Network issues identified
Incident Report for Infinity
Postmortem

On April 17th 2017 between 15:12 and 15:33 UTC Infinity experienced a network outage at our primary UK data centre.

The affected services were:

• Tracking system unavailable (15 minutes)

• Portals/APIs/Caller Insight/Real-time call dashboard unavailable (15 minutes)

• Hosted PBX unavailable – Some UK customers (2 minutes). Customers on our North America PBX servers were not affected.

• Call tracking calls – Approximately 25% of UK and EU inbound calls would have dropped at the start of the outage, but subsequent calls would have automatically re-routed to our other call servers. Calls handled by our North American and Asia-Pacific servers were not affected.

The issue was caused by a brief power outage in one of our racks. This led to the top-of-rack switch rebooting causing the servers in that rack to become temporarily disconnected from the network. Power and network connectivity was restored within 2 minutes.

At this point the Hosted PBX service was resumed.

The network drop also affected one of our firewall pair that was running in the rack (the other firewall is in a separate rack on a different switch and power distribution unit).

The firewalls monitor each other (over dual network links) and when one of them becomes unavailable the other takes over their services (Tracking System, Portal, APIs etc).
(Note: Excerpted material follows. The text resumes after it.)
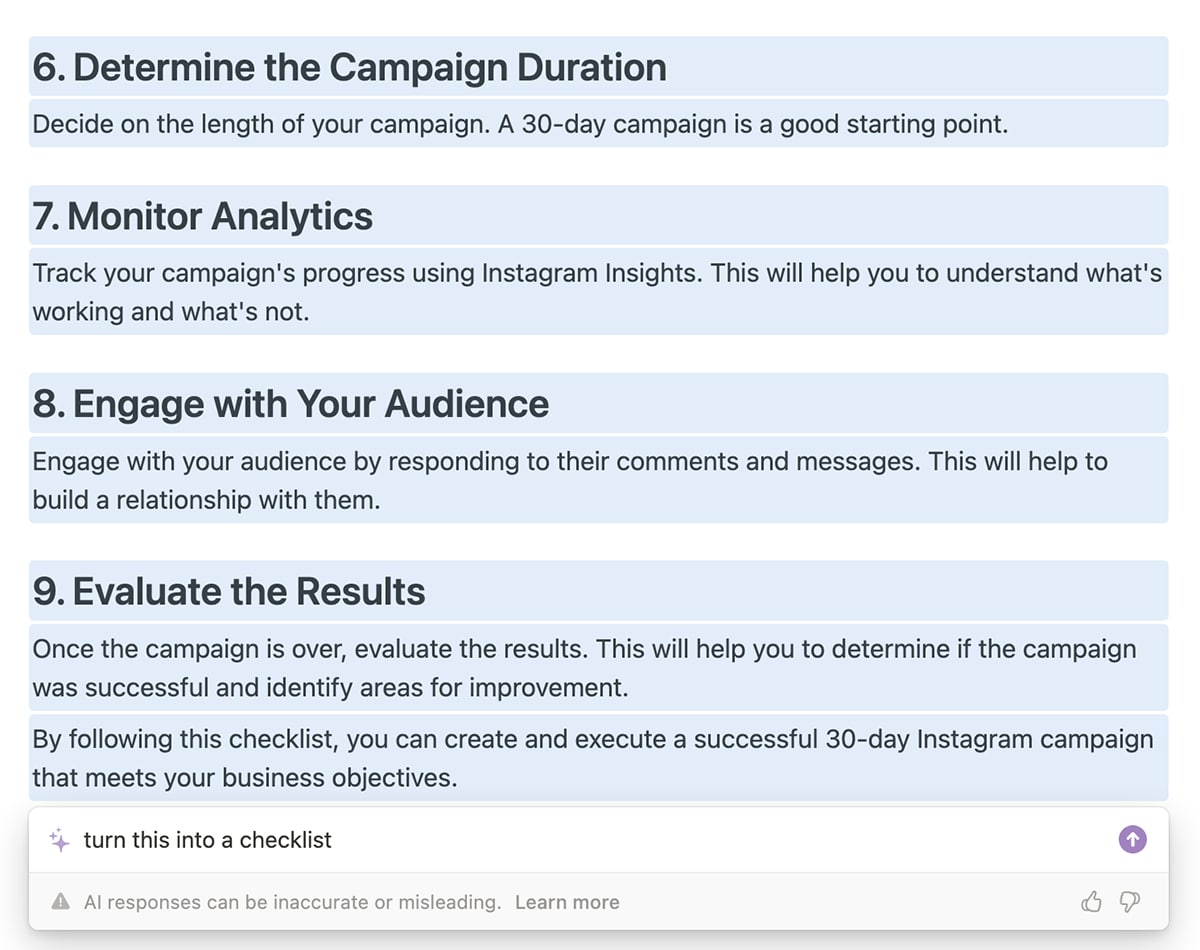 AI productivity tools - Notion - turn into a checklist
Unfortunately in this particular outage scenario, the brief network drop caused the physical network interface to drop and then re-connect during the failover process. This caused the IP failover software running on the firewalls to enter a split-brain scenario where both were trying to become active. This led to the public service IPs to ‘flap’ from one firewall to the other. Our engineers were automatically alerted and took action to manually disable one of the firewalls allowing the other to resume full service.

Our analysis of the problem revealed that this is a known issue in the software version we use for managing service IPs and have completed a scheduled update to the software running on our firewalls to prevent this particular issue from occurring again.

We apologise for this incident.

Posted Apr 25, 2017 - 10:25 BST

Resolved
Our services have now returned to normal and we will continue to monitor the situation closely.
Posted Apr 17, 2017 - 17:13 BST
Investigating
We are experiencing network difficulties within our production data centre. We believe the situation has stabilised and we are closely monitoring the situation. We apologise for any inconvenience.
Posted Apr 17, 2017 - 16:42 BST
This incident affected: Global Core Services (Infinity API, Infinity Portal, Caller Insight Service, Core Tracking Service) and UK PBX (UK PBX London Host 02).